Evans Bancorp and the Federal Deposit Insurance Corp. have wrapped up an agreement that helped fill the void created by Waterford’s shutdown.

State regulators in July 2009 shut Clarence-based Waterford, citing a dangerous lack of capital. They turned the Clarence-based bank over to the federal government, naming the FDIC as receiver.

Evans Bancorp, the parent of Evans Bank, assumed Waterford’s $51 million in deposits after the shutdown and bought essentially all of Waterford’s assets, including $43 million in loans.

Under a loss-sharing agreement with Evans as part of the “receivership,” the FDIC pledged to cover 80 percent of any losses on the Waterford loans and foreclosed real estate up to $5.6 million and 95 percent of losses above that amount.

But that arrangement had become more of a burden than a benefit lately, as the FDIC sent a team of 15 auditors to review the Waterford loans each year. That portfolio was down to just $16.6 million as of June 30.

The FDIC approached Evans about wrapping up the loss-sharing agreement, said Kevin Brady, a spokesman for Hamburg-based Evans. “It eases the administrative burden on both sides.”

Evans received roughly $1 million from the FDIC on July 5 to help with the remaining risk. The FDIC will no longer help Evans cover losses on Waterford loans, but the bank in the third quarter will apply more than $600,000 from the FDIC toward its provision for loan losses, to address any future concerns.

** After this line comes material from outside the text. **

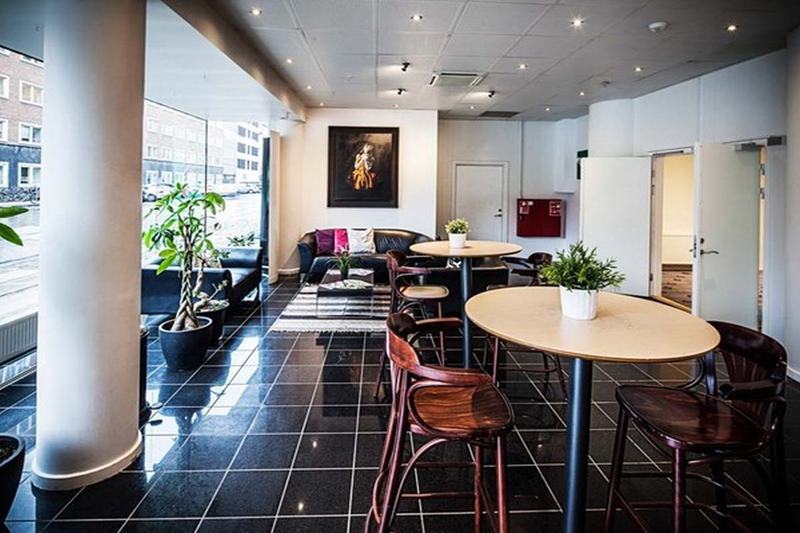 玛农勒斯套房古斯米登酒店 哥本哈根 外观 照片 The lounge at the airport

And Evans said it has written off an “indemnification asset” of more than $300,000, referring to money it was owed by the FDIC under its agreement for Waterford loans that were written off.

Brady said the funds going toward loan losses and the writeoff combined add up to nearly all of the roughly $1 million involved in the deal. The specific figures are due to be released later.

While the dollar amounts involved in ending the Evans-FDIC agreement were relatively small, the deal closes a chapter on the Waterford shutdown. The deal also allowed the FDIC and Evans to end their agreement a year ahead of schedule.

“I think at the end of the day, everybody’s better off,” Brady said.